Developing for Microsoft Internet Explorer has always been a bit of a chore for client-side developers.  In particular IE6, still the staple of corporate offices across the globe was released almost eight years ago and although admittedly IE7 and IE8 have both been huge improvements in reducing the gap between “proper CSS rendering” and the way Microsoft like to do things.

I’m sure many will share the same sense of relief I feel every time I log into my analytics and see that Microsoft’s browsers are continuing to dwindle in number. Sadly though, for the foreseeable future it is still a very definite requirement that website should be cross-browser compatible. This doesn’t always mean perfectly identical in every single way, but websites should always gracefully degrade without reducing functionality for those poor saps still using these antiquated technologies.

There are numerous hacks out there that allow you to take advantage of the quirks of a browser to force-feed CSS styles to it, but there is a much more robust and not so hack-dependant way of feeding Internet Explorer browsers additional data: Conditional Statements. These are propitiatory Microsoft tags which appear inside comments (so other browsers ignore them) and are very useful for feeding an additional style sheet to specific versions of IE (I usually end up with one for IE6 at the end of my development cycle just to clean things up a little), overwriting the declarations from your other stylesheets.
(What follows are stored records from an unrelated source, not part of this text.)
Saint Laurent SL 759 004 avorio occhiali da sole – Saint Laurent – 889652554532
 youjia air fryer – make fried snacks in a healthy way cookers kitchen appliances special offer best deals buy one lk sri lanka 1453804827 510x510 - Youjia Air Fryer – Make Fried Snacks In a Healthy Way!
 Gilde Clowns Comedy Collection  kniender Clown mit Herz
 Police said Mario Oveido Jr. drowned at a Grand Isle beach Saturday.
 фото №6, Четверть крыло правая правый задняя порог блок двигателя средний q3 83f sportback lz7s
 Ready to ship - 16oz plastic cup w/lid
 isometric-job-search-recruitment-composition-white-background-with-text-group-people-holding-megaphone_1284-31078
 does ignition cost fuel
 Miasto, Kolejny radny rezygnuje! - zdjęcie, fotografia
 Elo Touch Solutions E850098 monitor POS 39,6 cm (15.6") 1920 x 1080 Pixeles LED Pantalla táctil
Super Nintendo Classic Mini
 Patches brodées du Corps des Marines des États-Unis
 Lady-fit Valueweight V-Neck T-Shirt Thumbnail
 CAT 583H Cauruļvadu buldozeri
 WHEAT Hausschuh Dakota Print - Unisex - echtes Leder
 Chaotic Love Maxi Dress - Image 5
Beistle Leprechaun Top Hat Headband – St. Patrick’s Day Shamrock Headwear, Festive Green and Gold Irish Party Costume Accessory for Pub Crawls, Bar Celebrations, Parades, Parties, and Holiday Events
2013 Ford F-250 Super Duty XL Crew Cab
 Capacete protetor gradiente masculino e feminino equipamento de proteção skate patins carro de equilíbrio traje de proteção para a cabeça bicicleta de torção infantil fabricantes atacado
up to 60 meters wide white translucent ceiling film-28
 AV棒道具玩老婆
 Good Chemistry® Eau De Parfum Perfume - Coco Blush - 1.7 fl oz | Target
For this reason, they should always appear in the head beneath your generic style sheet.

These statements look like this:

    <!--[if IE]>
        <i>anything in here will only be applied to
        Internet Explorer browsers</i>
    <![endif]-->

You can also use them to target specific browsers or groups of browsers using condition modifiers:

    <!--[if lte IE 7]>
        <i>anything in here will be applied to IE browsers with
        version number 7 or lower</i>
    <![endif]-->

    <!--[if gte IE 6]>
        <i>anything in here will be applied to IE browsers with
        version number 6 or higher</i>
    <![endif]-->

    <!--[if IE 8]>
        <i>anything in here will be applied only to IE8</i>
    <![endif]-->

The two modifiers are:
lt : less than
gt : greater than
and either can be followed by an e to make the statements or equal to.

The most common use for these statements is to feed specific CSS to the browsers to compensate for differences in CSS rendering, but you can also use it to feed the browser any other pieces of propitiatory code in your quest for cross-browser similarity.